* **Provided records**:

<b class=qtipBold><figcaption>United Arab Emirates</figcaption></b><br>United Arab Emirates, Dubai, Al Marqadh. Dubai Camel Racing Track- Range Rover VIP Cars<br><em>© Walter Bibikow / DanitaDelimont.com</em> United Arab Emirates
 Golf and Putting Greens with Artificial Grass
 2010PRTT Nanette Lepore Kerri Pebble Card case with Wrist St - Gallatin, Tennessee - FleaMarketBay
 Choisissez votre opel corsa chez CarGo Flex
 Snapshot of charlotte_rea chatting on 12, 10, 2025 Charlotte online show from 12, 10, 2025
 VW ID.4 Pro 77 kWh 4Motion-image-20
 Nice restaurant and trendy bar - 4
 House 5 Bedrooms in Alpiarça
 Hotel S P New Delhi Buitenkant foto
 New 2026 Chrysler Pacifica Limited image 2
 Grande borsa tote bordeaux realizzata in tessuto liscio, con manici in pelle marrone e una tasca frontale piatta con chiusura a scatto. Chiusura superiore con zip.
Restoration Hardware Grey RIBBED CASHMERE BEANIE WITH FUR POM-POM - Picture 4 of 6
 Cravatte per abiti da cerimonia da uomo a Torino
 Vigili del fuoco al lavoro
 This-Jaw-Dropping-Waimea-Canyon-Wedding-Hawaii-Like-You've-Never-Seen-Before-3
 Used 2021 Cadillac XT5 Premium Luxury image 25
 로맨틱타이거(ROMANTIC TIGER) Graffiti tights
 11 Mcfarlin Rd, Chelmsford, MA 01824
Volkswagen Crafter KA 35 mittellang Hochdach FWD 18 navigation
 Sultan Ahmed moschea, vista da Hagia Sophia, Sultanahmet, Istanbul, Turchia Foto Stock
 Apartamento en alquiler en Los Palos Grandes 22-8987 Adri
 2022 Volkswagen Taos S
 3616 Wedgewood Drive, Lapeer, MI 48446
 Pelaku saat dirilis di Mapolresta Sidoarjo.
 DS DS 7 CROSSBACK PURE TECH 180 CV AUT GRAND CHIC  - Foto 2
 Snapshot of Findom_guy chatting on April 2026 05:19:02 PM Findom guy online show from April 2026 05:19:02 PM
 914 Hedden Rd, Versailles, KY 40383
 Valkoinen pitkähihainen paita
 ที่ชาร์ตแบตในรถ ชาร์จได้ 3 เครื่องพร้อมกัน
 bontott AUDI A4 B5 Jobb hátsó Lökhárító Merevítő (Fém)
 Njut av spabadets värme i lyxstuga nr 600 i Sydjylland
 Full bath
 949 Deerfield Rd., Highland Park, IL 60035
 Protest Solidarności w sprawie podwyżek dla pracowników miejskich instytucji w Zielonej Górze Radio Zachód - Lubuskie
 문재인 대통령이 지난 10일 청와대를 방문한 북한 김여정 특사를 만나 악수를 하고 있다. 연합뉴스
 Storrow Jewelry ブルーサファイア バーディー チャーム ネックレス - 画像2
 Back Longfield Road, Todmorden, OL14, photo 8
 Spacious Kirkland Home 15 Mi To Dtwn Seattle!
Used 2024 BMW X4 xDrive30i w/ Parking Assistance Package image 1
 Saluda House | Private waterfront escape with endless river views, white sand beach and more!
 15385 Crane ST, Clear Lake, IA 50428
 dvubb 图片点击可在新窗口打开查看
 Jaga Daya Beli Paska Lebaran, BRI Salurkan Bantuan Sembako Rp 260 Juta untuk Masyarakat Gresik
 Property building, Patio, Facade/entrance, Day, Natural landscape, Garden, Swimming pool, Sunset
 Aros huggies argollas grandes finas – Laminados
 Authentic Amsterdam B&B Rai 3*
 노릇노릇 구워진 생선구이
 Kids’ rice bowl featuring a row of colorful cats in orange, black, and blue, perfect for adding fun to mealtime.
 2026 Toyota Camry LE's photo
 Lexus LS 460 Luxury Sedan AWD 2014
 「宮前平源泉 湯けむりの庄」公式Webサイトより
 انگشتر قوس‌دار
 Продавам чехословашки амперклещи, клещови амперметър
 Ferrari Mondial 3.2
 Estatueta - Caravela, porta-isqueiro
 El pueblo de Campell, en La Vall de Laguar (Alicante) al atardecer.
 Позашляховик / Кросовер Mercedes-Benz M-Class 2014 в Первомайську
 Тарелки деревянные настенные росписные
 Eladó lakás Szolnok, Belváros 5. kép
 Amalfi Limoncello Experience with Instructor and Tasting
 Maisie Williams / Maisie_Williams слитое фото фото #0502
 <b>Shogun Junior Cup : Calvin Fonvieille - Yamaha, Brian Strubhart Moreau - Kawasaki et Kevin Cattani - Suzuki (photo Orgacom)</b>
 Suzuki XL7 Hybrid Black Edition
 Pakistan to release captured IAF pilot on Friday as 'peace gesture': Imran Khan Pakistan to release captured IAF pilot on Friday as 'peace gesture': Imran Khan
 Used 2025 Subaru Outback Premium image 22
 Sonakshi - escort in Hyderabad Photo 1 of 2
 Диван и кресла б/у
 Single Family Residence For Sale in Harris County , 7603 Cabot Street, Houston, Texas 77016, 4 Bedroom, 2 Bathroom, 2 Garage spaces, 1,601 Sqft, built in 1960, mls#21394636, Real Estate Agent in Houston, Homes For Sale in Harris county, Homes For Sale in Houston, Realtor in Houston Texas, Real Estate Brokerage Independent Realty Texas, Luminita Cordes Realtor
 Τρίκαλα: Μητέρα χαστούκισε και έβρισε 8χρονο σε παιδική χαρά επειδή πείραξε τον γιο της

* **What is required**:
No line should appear in the answer except those from the one containing "Диван и кресла б/у" through the last line of the listing, each retyped exactly.

* **Result of the exercise**:
 Диван и кресла б/у
 Single Family Residence For Sale in Harris County , 7603 Cabot Street, Houston, Texas 77016, 4 Bedroom, 2 Bathroom, 2 Garage spaces, 1,601 Sqft, built in 1960, mls#21394636, Real Estate Agent in Houston, Homes For Sale in Harris county, Homes For Sale in Houston, Realtor in Houston Texas, Real Estate Brokerage Independent Realty Texas, Luminita Cordes Realtor
 Τρίκαλα: Μητέρα χαστούκισε και έβρισε 8χρονο σε παιδική χαρά επειδή πείραξε τον γιο της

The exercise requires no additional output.